Per 1 januari 2004 bedraagt het tarief blijkens de specificaties H 141,35 per uur, exclusief btw en kantoorkosten. Nadien is een tweetal forse tariefstijgingen doorgevoerd: vanaf begin maart 2004 werd het uurtarief van mr. X H 174 en vanaf september 2004 H 210. Het hof merkt met betrekking tot het tijdschrijven ook nog het navolgende op:
– voor elke uitgaande brief wordt ten minste 15 minuten geschreven;
– mr. X schrijft 8 werkuren (inclusief een alimentatieberekening) voor het bij de rechtbank ingediende verzoekschrift;
– voor de lezing van de beschikking van de rechtbank rekent mr. X één uur;
– in de beroepsprocedure schrijft mr. X voor lezing van het beroepschrift één uur, voor het opstellen van zijn verweerschrift daartegen 6 uren en vervolgens voor de zitting 4 uren;
– ten slotte noteert mr. X één uur voor de lezing van het arrest. De eigenlijke proceshandelingen zijn gespecificeerd met een tijdsbesteding van 21 uur.

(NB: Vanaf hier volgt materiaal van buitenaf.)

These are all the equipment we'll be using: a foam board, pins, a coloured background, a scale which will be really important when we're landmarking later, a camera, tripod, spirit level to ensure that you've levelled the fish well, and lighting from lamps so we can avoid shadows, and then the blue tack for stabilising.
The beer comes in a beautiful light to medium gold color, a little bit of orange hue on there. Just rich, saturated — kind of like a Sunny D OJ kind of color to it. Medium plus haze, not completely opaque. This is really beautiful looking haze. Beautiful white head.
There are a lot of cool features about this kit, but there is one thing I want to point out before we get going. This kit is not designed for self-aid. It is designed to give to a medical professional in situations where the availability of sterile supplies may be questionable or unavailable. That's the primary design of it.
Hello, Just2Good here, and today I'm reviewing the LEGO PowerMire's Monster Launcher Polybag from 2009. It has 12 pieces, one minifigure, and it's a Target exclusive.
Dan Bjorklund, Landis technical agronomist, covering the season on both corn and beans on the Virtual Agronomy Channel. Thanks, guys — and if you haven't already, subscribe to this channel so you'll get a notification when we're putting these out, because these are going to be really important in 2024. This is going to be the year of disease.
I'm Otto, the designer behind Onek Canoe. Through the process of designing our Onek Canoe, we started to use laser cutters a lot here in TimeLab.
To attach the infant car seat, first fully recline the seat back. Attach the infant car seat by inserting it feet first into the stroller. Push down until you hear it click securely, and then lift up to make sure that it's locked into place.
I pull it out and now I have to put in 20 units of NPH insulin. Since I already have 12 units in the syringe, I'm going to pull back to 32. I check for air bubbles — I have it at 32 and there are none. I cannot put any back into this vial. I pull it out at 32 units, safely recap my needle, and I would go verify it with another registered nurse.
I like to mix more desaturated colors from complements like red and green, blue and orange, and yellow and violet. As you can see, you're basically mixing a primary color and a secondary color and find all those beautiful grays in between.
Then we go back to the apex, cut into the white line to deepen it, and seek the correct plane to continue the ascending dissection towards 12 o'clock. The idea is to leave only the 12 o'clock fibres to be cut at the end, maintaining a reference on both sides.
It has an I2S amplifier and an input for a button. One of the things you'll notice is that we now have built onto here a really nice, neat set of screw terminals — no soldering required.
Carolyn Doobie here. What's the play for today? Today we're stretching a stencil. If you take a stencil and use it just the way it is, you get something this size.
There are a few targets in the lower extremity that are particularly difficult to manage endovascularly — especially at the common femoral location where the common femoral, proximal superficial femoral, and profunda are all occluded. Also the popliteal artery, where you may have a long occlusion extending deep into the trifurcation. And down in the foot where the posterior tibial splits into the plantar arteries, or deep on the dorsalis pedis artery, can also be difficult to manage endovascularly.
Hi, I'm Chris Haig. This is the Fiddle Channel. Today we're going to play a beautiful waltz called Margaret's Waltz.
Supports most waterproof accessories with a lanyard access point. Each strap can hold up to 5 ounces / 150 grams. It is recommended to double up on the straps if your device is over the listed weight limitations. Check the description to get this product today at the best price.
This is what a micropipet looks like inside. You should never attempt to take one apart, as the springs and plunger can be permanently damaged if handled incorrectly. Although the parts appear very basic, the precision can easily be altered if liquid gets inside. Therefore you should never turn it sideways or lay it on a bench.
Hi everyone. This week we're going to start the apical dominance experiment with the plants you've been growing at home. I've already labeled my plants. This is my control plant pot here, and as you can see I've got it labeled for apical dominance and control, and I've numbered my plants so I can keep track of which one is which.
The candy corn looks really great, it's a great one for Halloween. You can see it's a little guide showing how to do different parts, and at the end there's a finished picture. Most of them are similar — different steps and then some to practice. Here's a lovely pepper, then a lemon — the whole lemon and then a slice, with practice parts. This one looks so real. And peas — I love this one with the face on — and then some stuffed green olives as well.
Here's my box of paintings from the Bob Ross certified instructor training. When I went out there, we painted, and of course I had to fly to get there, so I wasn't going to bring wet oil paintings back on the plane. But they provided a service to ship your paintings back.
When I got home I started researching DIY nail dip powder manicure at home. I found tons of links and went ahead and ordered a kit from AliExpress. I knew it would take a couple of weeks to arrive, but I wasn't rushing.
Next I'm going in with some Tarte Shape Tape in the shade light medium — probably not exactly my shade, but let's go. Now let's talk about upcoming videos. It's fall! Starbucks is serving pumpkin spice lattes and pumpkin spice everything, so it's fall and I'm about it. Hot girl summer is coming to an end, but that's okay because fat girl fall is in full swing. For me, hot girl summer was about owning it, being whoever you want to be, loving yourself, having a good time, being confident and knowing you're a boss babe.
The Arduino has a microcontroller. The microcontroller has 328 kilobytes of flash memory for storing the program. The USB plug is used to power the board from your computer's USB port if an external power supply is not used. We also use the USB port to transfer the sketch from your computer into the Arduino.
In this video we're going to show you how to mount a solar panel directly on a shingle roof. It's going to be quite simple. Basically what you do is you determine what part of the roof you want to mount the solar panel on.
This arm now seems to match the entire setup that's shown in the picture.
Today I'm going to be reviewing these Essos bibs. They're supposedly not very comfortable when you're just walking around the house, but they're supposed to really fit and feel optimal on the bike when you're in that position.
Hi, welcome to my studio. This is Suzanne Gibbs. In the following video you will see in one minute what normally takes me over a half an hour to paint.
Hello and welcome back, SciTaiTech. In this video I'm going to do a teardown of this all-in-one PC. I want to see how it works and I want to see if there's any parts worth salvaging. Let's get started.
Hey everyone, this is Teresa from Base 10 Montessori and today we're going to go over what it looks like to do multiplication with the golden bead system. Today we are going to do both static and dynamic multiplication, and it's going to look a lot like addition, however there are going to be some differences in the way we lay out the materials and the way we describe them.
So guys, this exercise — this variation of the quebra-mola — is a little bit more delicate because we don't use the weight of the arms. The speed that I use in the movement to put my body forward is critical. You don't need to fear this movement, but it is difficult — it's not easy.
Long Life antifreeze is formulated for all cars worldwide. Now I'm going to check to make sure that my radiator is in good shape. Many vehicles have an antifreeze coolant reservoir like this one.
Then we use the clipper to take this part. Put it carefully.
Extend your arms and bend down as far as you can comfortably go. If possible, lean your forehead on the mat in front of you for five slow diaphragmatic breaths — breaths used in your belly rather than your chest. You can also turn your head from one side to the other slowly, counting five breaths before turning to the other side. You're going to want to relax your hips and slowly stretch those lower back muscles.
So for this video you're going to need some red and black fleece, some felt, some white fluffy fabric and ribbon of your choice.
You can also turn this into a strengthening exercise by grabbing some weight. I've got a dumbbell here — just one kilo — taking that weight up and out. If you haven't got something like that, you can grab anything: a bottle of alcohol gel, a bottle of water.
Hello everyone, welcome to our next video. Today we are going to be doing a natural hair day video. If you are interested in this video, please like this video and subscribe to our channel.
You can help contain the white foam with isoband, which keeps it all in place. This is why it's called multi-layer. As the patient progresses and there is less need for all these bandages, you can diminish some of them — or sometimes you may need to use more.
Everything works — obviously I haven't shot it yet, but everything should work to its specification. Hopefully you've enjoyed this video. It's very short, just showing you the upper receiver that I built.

Het hof signaleert voorts dat onder de algemene aanduiding ‘dossierbehandeling’ nog eens 12 uur en 25 minuten gewerkte tijd is geschreven, dit naast specifieke werksoorten als inkomende en uitgaande correspondentie, proceshandelingen, bespreking cliënt et cetera. Dat leidt in totaal tot 50,5 uur geschreven en gedeclareerde tijd. Zowel op grond van de niet-medegedeelde aanzienlijke tariefstijgingen als op grond van de excessieve tijdsbesteding komt het hof dan tot het oordeel dat excessief is gedeclareerd. Op grond van het voorgaande dienen de klachtonderdelen a en c te worden bekrachtigd.
Vervolgens vindt het hof aanleiding om onder bekrachtiging van de beslissing van de raad voor zover de klachtonderdelen a en c gegrond zijn verklaard en klachtonderdeel b ongegrond is verklaard de beslissing van de raad te vernietigen voorzover aan mr. X de maatregel is opgelegd van schorsing in de uitoefening van de praktijk voor de duur van een week. Opnieuw rechtdoende legt het hof mr. X de maatregel op van voorwaardelijke schorsing in de uitoefening van de praktijk voor de duur van één maand met een proeftijd van twee jaar. Het hof stelt als bijzondere voorwaarde dat mr. X binnen vier weken na toezending van deze beslissing een bedrag van H 5.000, vermeerderd met btw, aan klager zal hebben terugbetaald.